I have also reviewed the WPA protocol to make sure I understood the implications of the changes required to backport the patches. For example, I removed the patches touching the WNM sleep mode code as that was introduced only in the 2.0 release. Chunks of code regarding state tracking were also not backported as they are part of the state tracking code introduced later, in 3ff3323. Finally, I still have concerns about the nonce setup in patch #5. In the last chunk, you'll notice peer->tk is reset, to_set to negotiate a new TK. The other approach I considered was to backport 1380fcbd9f ("TDLS: Do not modify RNonce for an TPK M1 frame with same INonce") but I figured I would play it safe and not introduce further variations.

I should note that I share Matthew Green's observations regarding the opacity of the protocol. Normally, network protocols are freely available and security researchers like me can easily review them. In this case, I would have needed to read the opaque 802.11i-2004 pdf which is behind a TOS wall at the IEEE. I ended up reading up on the IEEE_802.11i-2004 Wikipedia article which gives a simpler view of the protocol. But it's a real problem to see such critical protocols developed behind closed doors like this.
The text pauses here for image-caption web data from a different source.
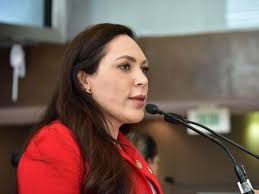 Va Georgina Zapata por dirigencia estatal del PRI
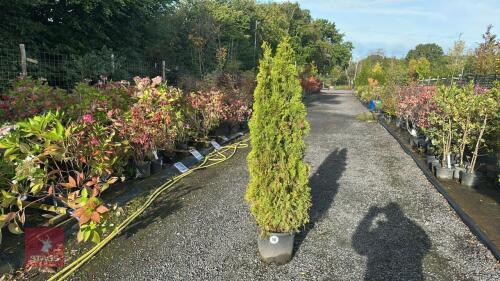 THUJA SMARAGD (EMERALD THUJA)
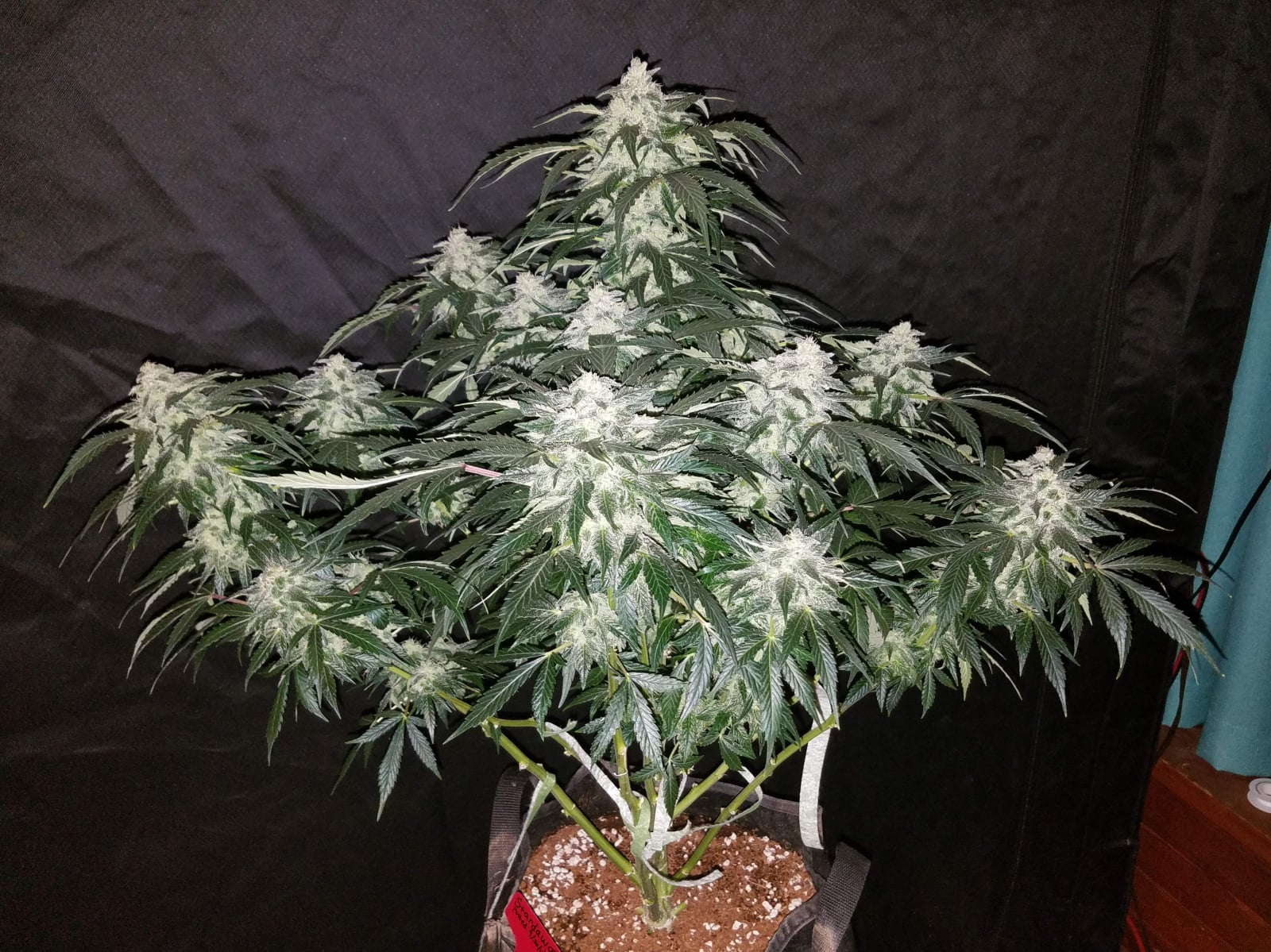 Stardawg Auto von Fast Buds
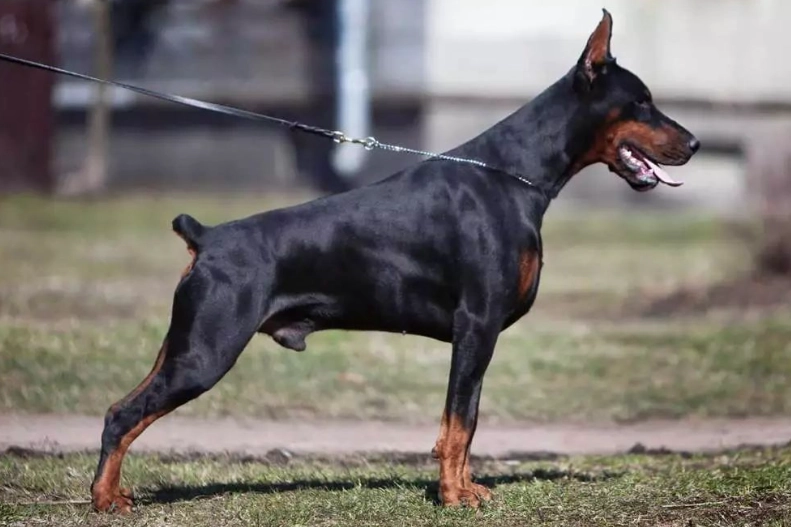 美系杜賓犬價格 美系杜賓犬價格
At Guido's suggestion, I sent the final patch upstream explaining the concerns I had with the patch. I have not, at the time of writing, received any response from upstream about this, unfortunately. I uploaded the fixed packages as DLA 1150-1 on October 31st.

Git-annex

The next big chunk on my list was completing the work on git-annex (CVE-2017-12976) that I started in August. It turns out doing the backport was simpler than I expected, even with my rusty experience with Haskell. Type-checking really helps in doing the right thing, especially considering how Joey Hess implemented the fix: by introducing a new type.
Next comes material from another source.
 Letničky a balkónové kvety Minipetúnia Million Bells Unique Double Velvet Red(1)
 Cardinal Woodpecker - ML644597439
So I backported the patch from upstream and notified the security team that the jessie and stretch updates would be similarly easy. I shipped the backport to LTS as DLA-1144-1. I also shared the updated packages for jessie (which required a similar backport) and stretch (which didn't) and those Sebastien Delafond published those as DSA 4010-1.

Graphicsmagick

Up next was yet another security vulnerability in the Graphicsmagick stack. This involved the usual deep dive into intricate and sometimes just unreasonable C code to try and fit a round tree in a square sinkhole. I'm always unsure about those patches, but the test suite passes, smoke tests show the vulnerability as fixed, and that's pretty much as good as it gets.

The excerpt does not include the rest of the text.